DATA EXTRACT:
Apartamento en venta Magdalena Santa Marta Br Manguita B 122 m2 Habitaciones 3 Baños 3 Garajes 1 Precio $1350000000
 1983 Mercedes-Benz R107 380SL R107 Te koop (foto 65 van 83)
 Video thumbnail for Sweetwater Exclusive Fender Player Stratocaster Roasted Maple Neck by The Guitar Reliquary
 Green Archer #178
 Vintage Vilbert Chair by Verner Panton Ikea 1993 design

TASK INSTRUCTIONS:
Nothing added, nothing dropped: copy the data above.

ANSWER AREA:
Apartamento en venta Magdalena Santa Marta Br Manguita B 122 m2 Habitaciones 3 Baños 3 Garajes 1 Precio $1350000000
 1983 Mercedes-Benz R107 380SL R107 Te koop (foto 65 van 83)
 Video thumbnail for Sweetwater Exclusive Fender Player Stratocaster Roasted Maple Neck by The Guitar Reliquary
 Green Archer #178
 Vintage Vilbert Chair by Verner Panton Ikea 1993 design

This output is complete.